A strangely out of place western from Nicholas Ray set in a bold color palette that the director would later use to great effect again in Rebel Without a Cause, Johnny Guitar is set in world of fiery passions, lust, and irrational hatred.
The title character (played by Sterling Hayden) is hired on by the strong-willed Vienna (Joan Crawford) to help her protect herself and her saloon from the townsfolk who want her out. Apparently she and Johnny were past lovers and Johnny is also a gunslinger with a hot temper he trouble keeping under control, but he’s keeping his quick trigger finger under control for Vienna’s benefit.

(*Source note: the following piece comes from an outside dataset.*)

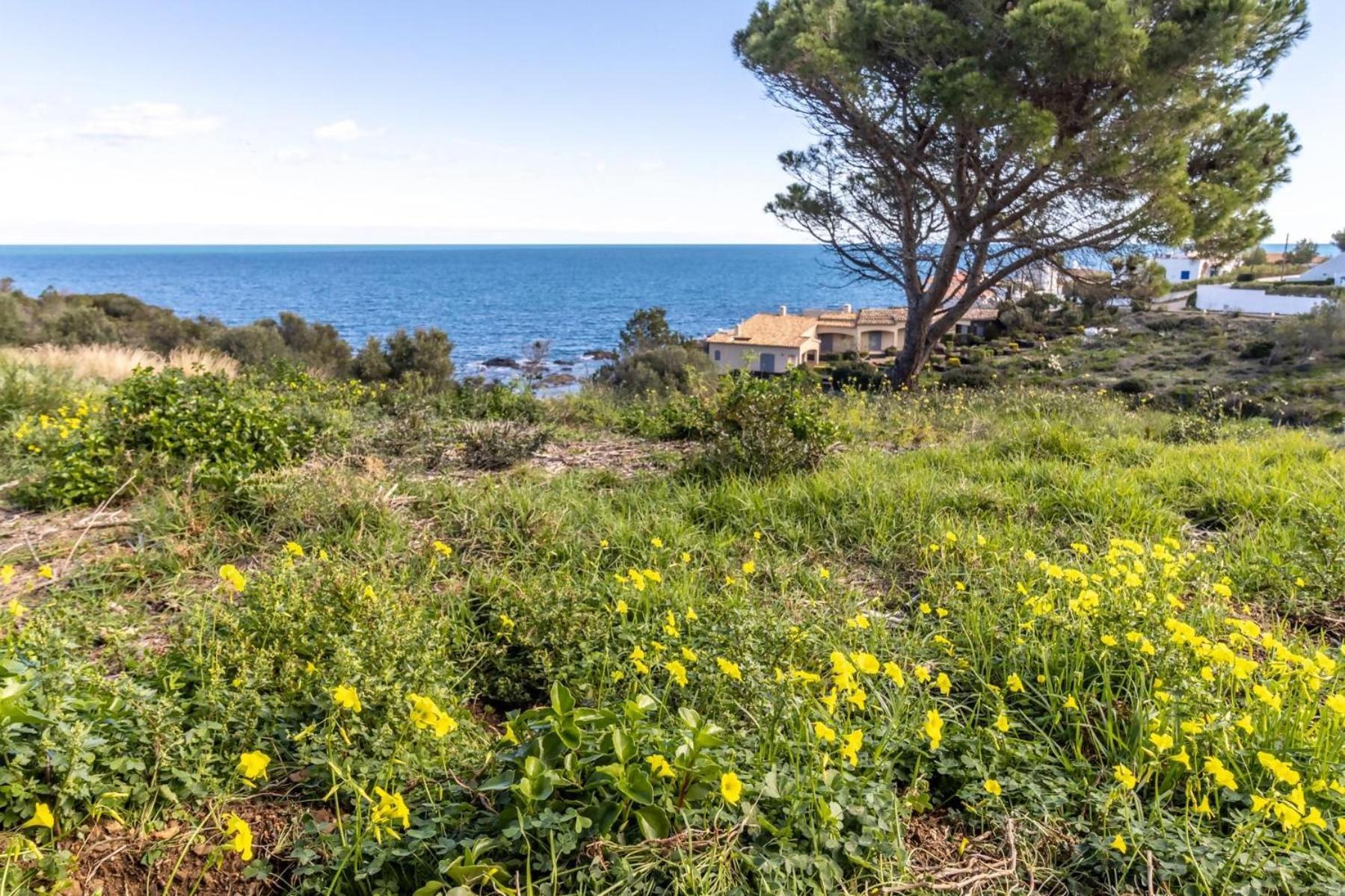 Appartement Port De La Selva 94 Con Amplio Jardin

Vienna’s main rival is Emma Small (Mercedes McCambridge), the Arizona town’s bank treasurer who has developed an irrational hatred for Vienna for two reasons. The first because the smooth-talking gangster people call Dancin’ Kid (Scott Brady) whom Emma can’t admit she actually has feelings for, has also set his sights on Vienna; secondly because she believes that Dancin’ Kid and his friends killed her brother. Emma convinces the people of the town to gather a posse and arrest Vienna, but the first confrontation results in no more than a tense standoff in Vienna’s saloon and an ultimatum for her to shutdown her saloon and get out of town within 24 hours. This doesn’t sit well with Dancin’ Kid or Emma. Dancin’ Kid and his cronies plan a bank robbery and take all the bank’s stash, and it just happens to go off when Vienna is there withdrawing her funds and closing her account. This gives Emma all the fuel she needs to finally link Vienna to the Dancin’ Kid and a crime, and another posse is gathered, this time with a lynching on their mind. Johnny Guitar, meanwhile, who’d been sent away, must come to Vienna’s rescue and save her from the angry mob.
Martin Scorsese has said that Johnny Guitar feels more like an opera than a western, and he’s right. The melodrama, the angst, the romance, the tight indoor scenes, the numerous set pieces and the psychosexual subtexts of these two, strong, angry women in their butch cowboy uniforms in a battle royale against each other surrounded by weak-kneed men uninterested in entering into the arena makes this one a special, western.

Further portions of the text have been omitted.